A Real Australian

Australian. What does that word really mean? I’ve always been fascinated by the concept of being an ‘Aussie’ ever since I realised I was the only kid on the playground with brown skin. I’ve always identified with being Australian; I was born here, I have the same ridiculous accent and prefer wearing thongs over shoes. But ever since I was young I’ve been made to feel like I was different for how I looked. Sure, I’ve had my share of overt racism thrown my way, but what disturbs me more is the more common form of  subtle racism. What I’m referring to is the term “They were ‘Aussie’ looking”.

Let’s all just cut the shit; that phrase or any variation of is strictly implying that a WHITE skinned person is technically more Australian than others. Be honest, you’ve used this line before. You’re trying to describe someone with fair skin and for the sake of clarity choose to describe them as ‘Aussie’. Since I have brown skin does that make me less ‘Aussie’? Or should we just refer to myself and my family as ‘Curry’s’ instead?

When I was about 10 my dad took the family to watch Sri Lanka play cricket against Australia at the SCG, and my brother Sanjay and I supported Australia since we were born here. At the end of the day Australia was victorious and I had a good chance to tease my dad. As we left the stadium, a white-skinned boy about my age stood in front of me, and pointing at my face, said “Take that! WE beat YOU!”.

I was in shock. I was there supporting Australia, my country. And yet this kid proudly assumed that since I didn’t look ‘Aussie’ there was no way I was on his team. Which is simply ridiculous. This is my home, and it is the only home I’ve ever known.

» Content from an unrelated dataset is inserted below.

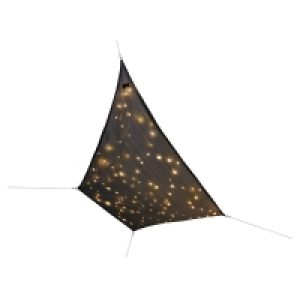 CASA Deco LED-Sonnensegel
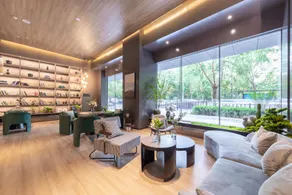 Atour Hotel Jinan Quancheng Plaza Kuanhouli - Image 2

I know every word of the national anthem, excluding the second verse like every other Australian. When I was in school we were taught that Australia was a multi-cultural country that was made up of people from all around the world. I felt dehumanised in a way, like I wasn’t really an Australian, that I should just go live in Sri Lanka instead.

What does it really mean to be a true Australian? I feel as a country we have such a fractured identity, and at the worst of times a misplaced sense of nationalism. Sometimes I think our national identity struggles to evolve beyond beer, the beach and sport.I like two of those three things, and I have a Vegemite poster on my wall, yet for how I look people would assume I could have come here on a boat. A woman I work with once said that if you spoke to me on the phone you’d think I was ‘Aussie’ for how I spoke. I know she meant it as a compliment, but that hurts a little to assume I’m not Australian based on how I look.

Look how excited I am! Honestly, how could anyone mistake me for not being Australian?

Look how excited I am about Vegemite! Honestly, how could anyone mistake me for not being Australian?

Let me tell you about the two truest Australians I’ve ever met. And no, they’re not Karl Stefanovic and Skippy the kangaroo.

My parents immigrated here from Sri Lanka on September 8, 1990, a couple of months before I was born. They had a fairly comfortable life back home. Dad worked on a tea plantation, so they lived in a nice bungalow in the pristine mountains of the island nation, with servants at hand and lots of family and friends. Sri Lanka was also embroiled in a bloody civil war, so it was not the safest place to raise a family.

When they immigrated to Australia (on a plane), they had to start from scratch. My dad brought all the money he had with him, and once that was converted to Australian dollars he was shocked to see what he was left with. At the age of 26 all my dad had to his name was $300, and he had a baby on the way. He got a job working in a warehouse, and sought to better himself by going to TAFE, waking up before the sun and travelling three hours via buses and trains to get there. 24 years later he now runs that warehouse, and is a leading figure in warehousing, supply-chain management and logistics, and he has the accolades to prove it.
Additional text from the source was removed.